● Task instructions:
Leave every image out, and return the rest of the data word for word.

● Input records:
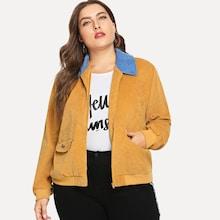 Shein Plus Contrast Collar Corduroy Jacket
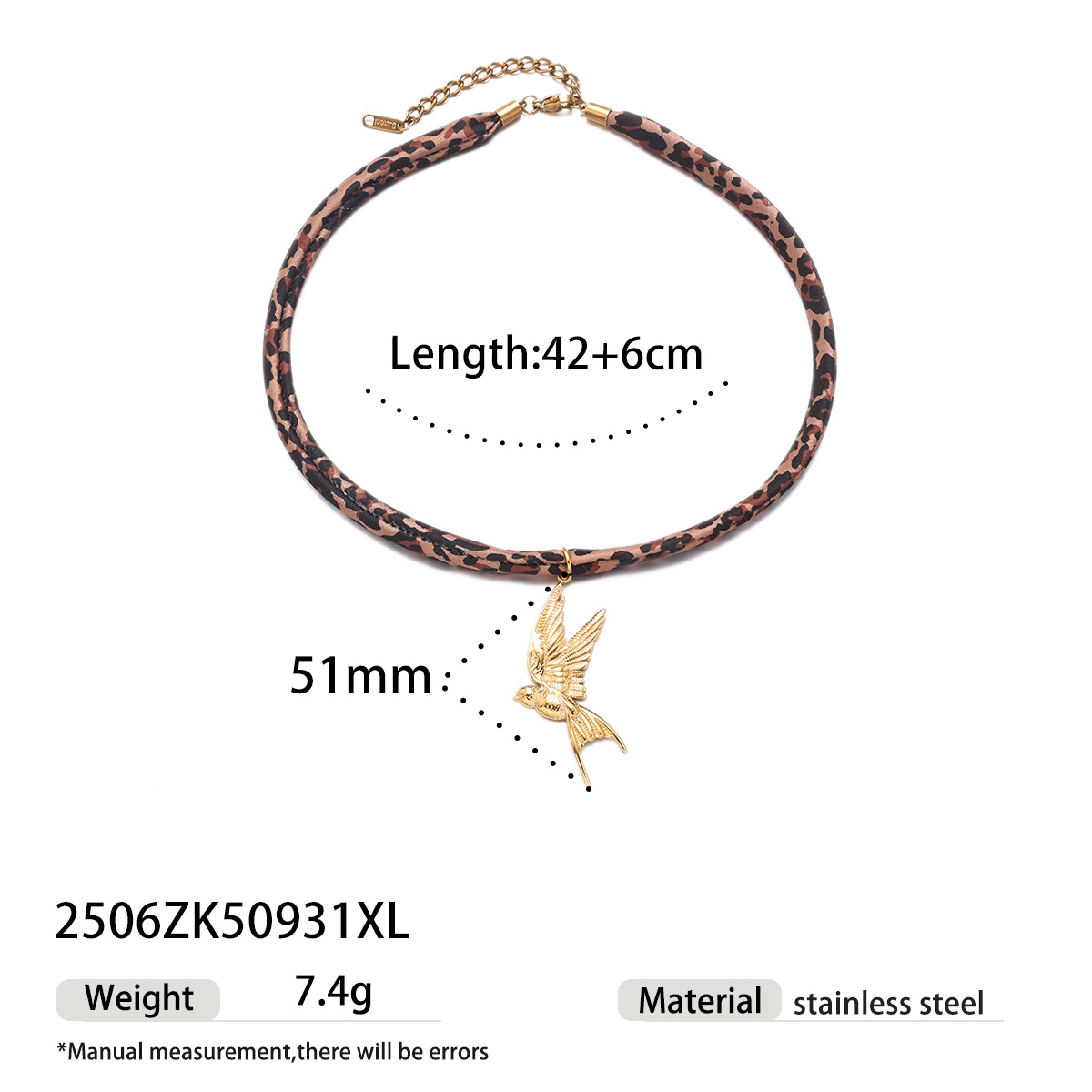 Tiana Europa y América collar de acero inoxidable dulce y fresco estilo de galía de galera variedad bufandas de seda de leopardo collar de acero de titanio joyería de venta caliente transfronteriza image 10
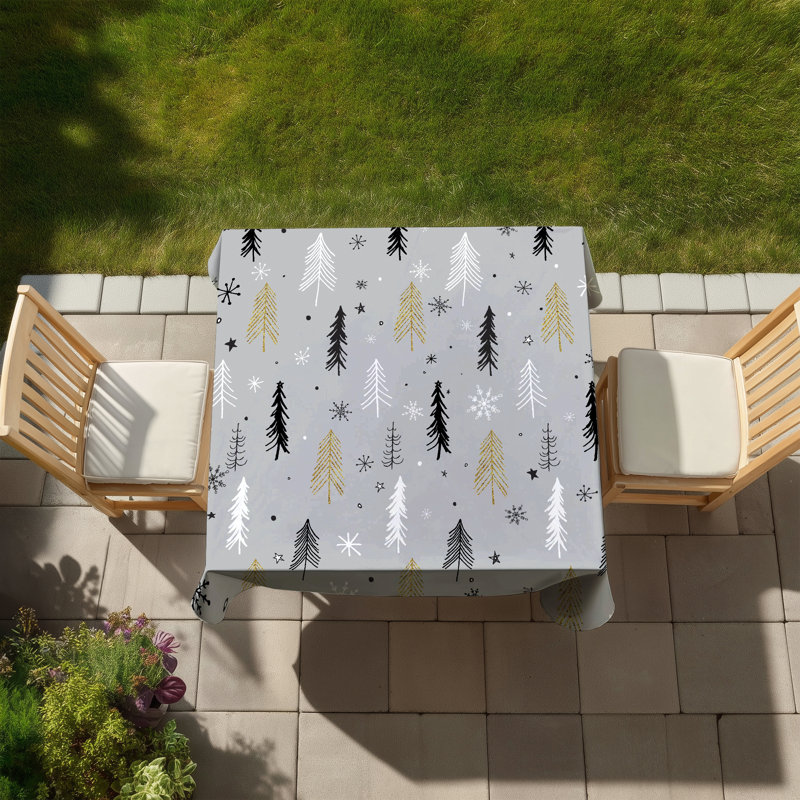 Christmas Tree Pattern Tablecloth | Indoor Outdoor Holiday Decor
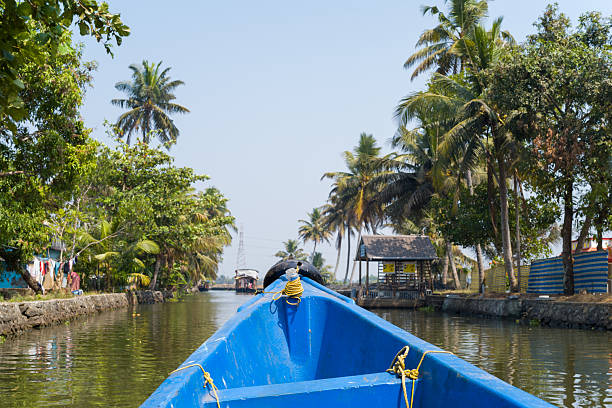 A vivid blue canoe moves along a narrow canal lined with lush palm trees and village houses in Alappuzha, Kerala. Sunlight filters through the tropical foliage, creating a bright, tranquil scene.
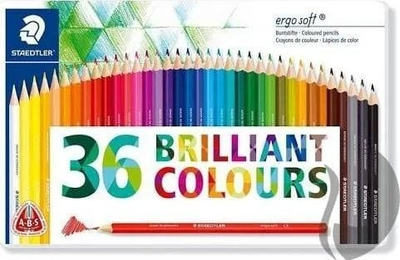 Lapsa me ngjyra STAEDTLER Ergosoft 157 M36, set 36 copë, kuti metalike, shumëngjyrëshe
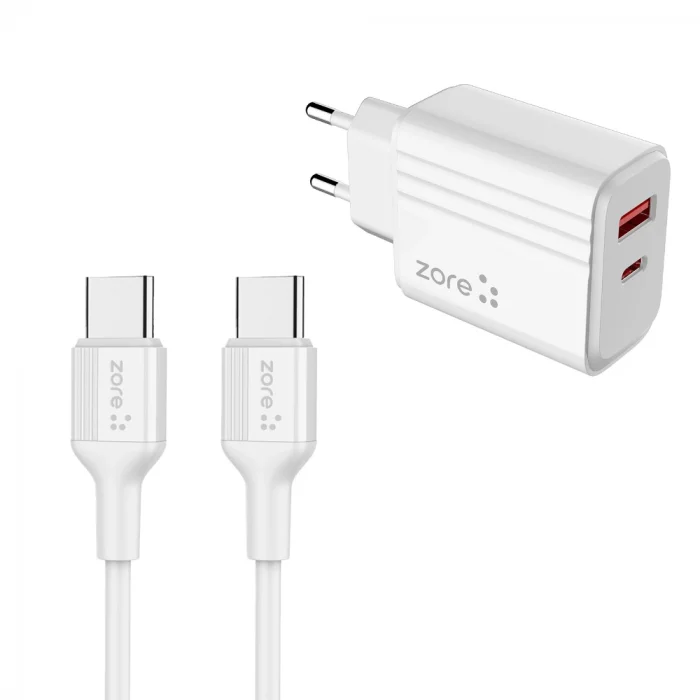 Play Serisi PL07 Type-C to Type-C 2in1 PD Seyahat Şarj Aleti 20W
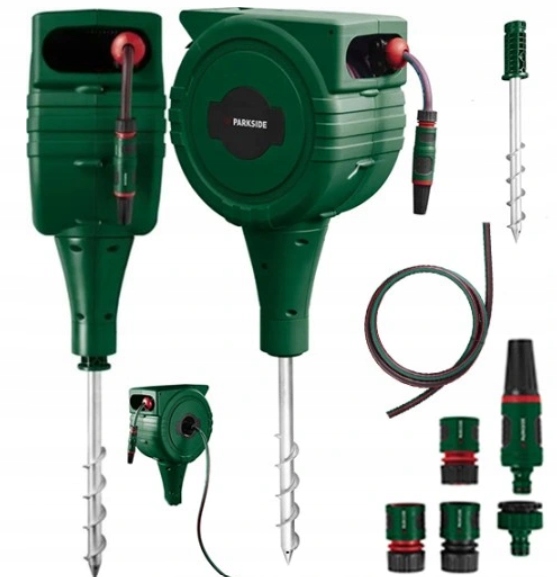 Bęben ogrodowy wbijany, zwijacz do węża Parkside, 25 m, 360° maks. 6 bar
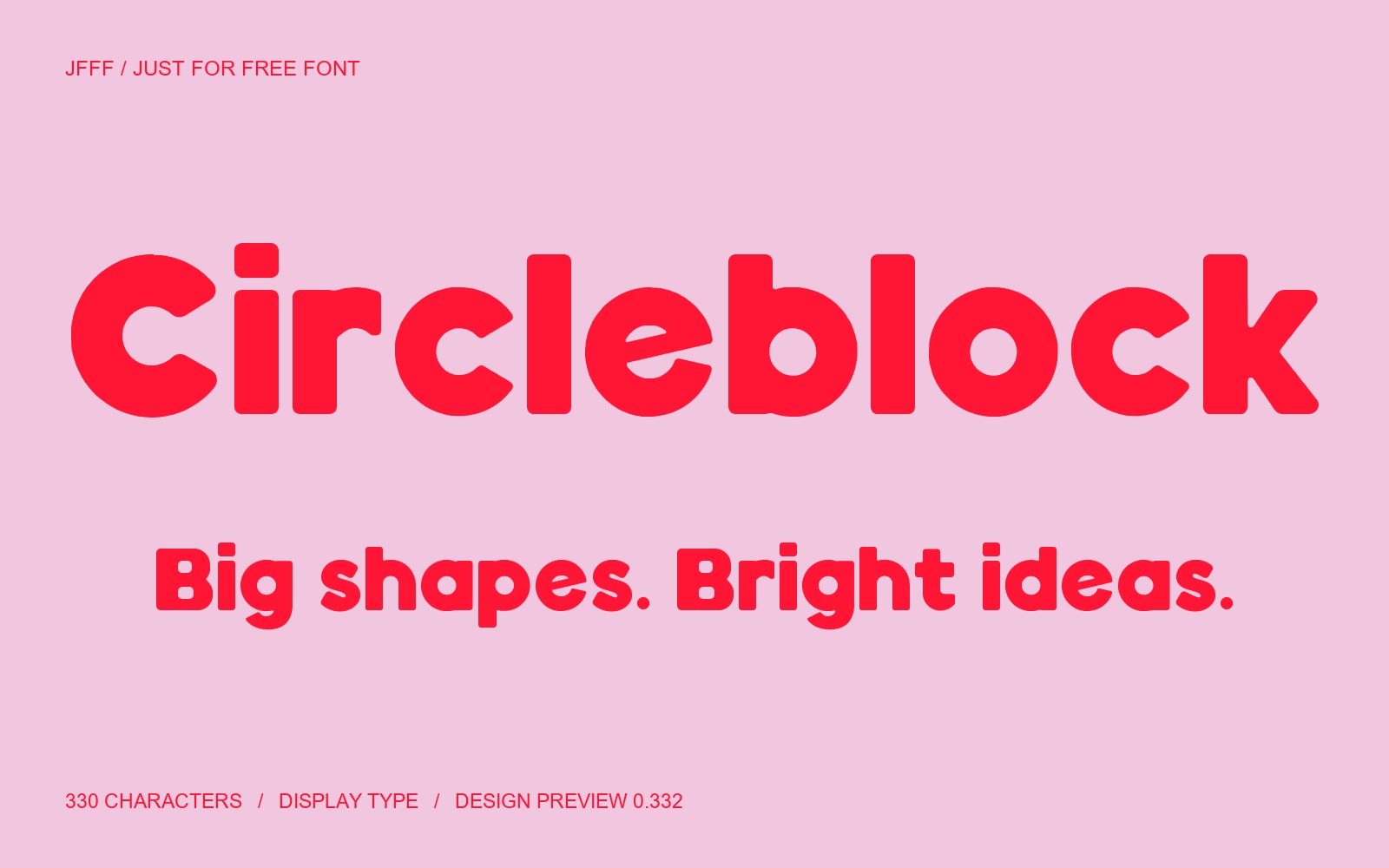 Circleblock: bold red-and-pink type specimen, rendered with the actual font.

● Your solution:
 Shein Plus Contrast Collar Corduroy Jacket
 Tiana Europa y América collar de acero inoxidable dulce y fresco estilo de galía de galera variedad bufandas de seda de leopardo collar de acero de titanio joyería de venta caliente transfronteriza image 10
 Christmas Tree Pattern Tablecloth | Indoor Outdoor Holiday Decor
 A vivid blue canoe moves along a narrow canal lined with lush palm trees and village houses in Alappuzha, Kerala. Sunlight filters through the tropical foliage, creating a bright, tranquil scene.
 Lapsa me ngjyra STAEDTLER Ergosoft 157 M36, set 36 copë, kuti metalike, shumëngjyrëshe
 Play Serisi PL07 Type-C to Type-C 2in1 PD Seyahat Şarj Aleti 20W
 Bęben ogrodowy wbijany, zwijacz do węża Parkside, 25 m, 360° maks. 6 bar
 Circleblock: bold red-and-pink type specimen, rendered with the actual font.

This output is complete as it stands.